ABSTRACT

The chapter contains an analysis of artworks by the Belgian surrealist artist Rene Magritte and the Italian artist de Chirico in the context of paleoanthropological studies of the origins of art and psychological studies on magical thinking. These studies suggest that art originated from the belief of early humans that next to the ordinary earthly world there exists a magical supernatural world in which the souls of dead people and animals dwell. In order to visualise and represent this magical world, humans created special objects – drawings, sculpture, architecture and abstract signs and symbols. In the course of history, the belief in the magical world was replaced by official monotheistic religions, and in many modern individuals by the belief in science.
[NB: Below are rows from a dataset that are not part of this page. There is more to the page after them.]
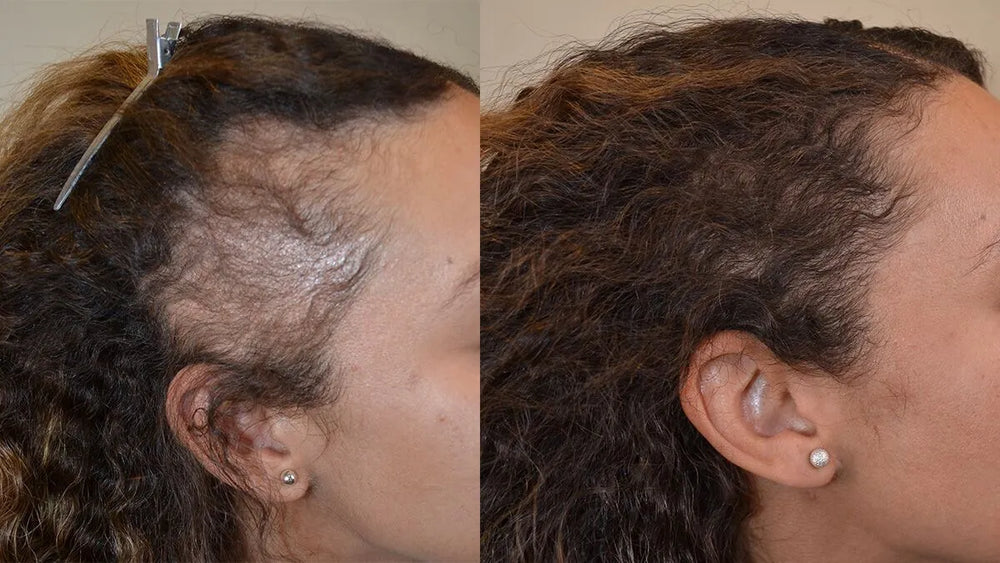 Before and after hair transformation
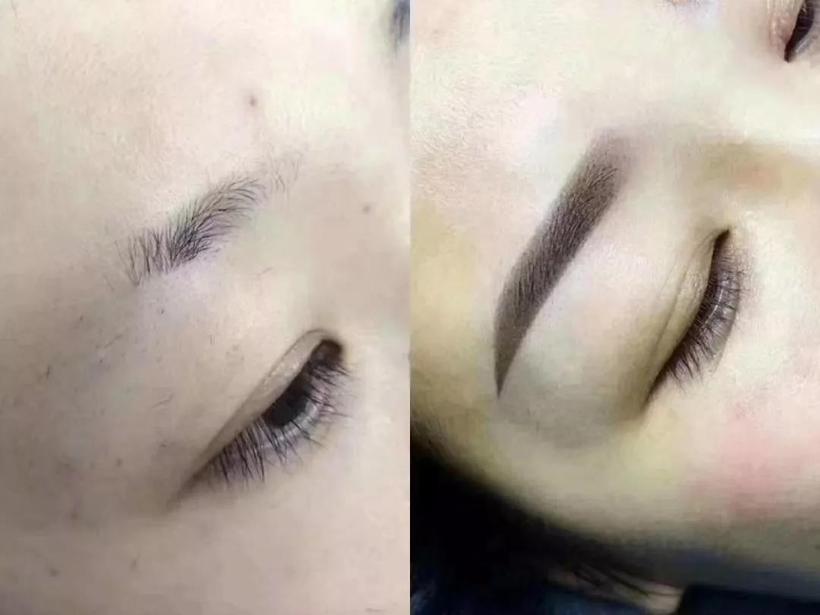 深圳传奇光学科技美容,深圳传奇光学祛斑仪器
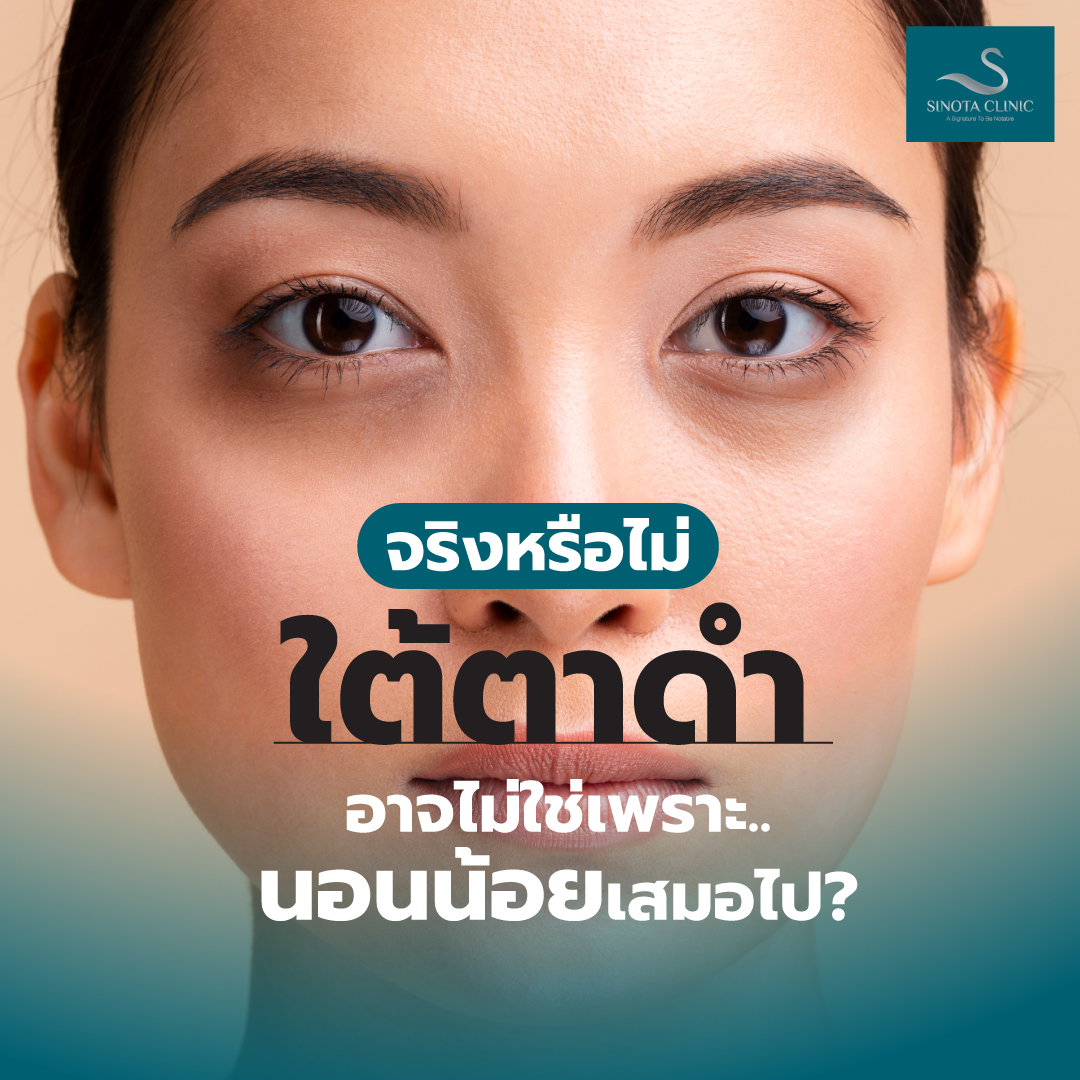 จริงหรือไม่ ใต้ตาดำ อาจไม่ใช่เพราะนอนน้อยเสมอไป - Sinota Clinic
The sense of the magical was transformed into the sense of the aesthetical, and the representation of the supernatural in the form of rock paintings and figurines carved from bone and stone changed into modern art. Yet recent studies on magical thinking have shown that in modern urban inhabitants the belief in magic did not cease to exist, but rather descended into the subconscious. Although our conscious mind denies the existence of magic, our subconscious mind still believes that beyond the known world lies the invisible world of the supernatural. In this invisible world the laws of magic, and not the laws of science, hold sway. De Chirico and Magritte’s paintings are the ‘wormholes’ that give modern rational people access to their hidden belief in the world of the supernatural, the existence of which modern science denies.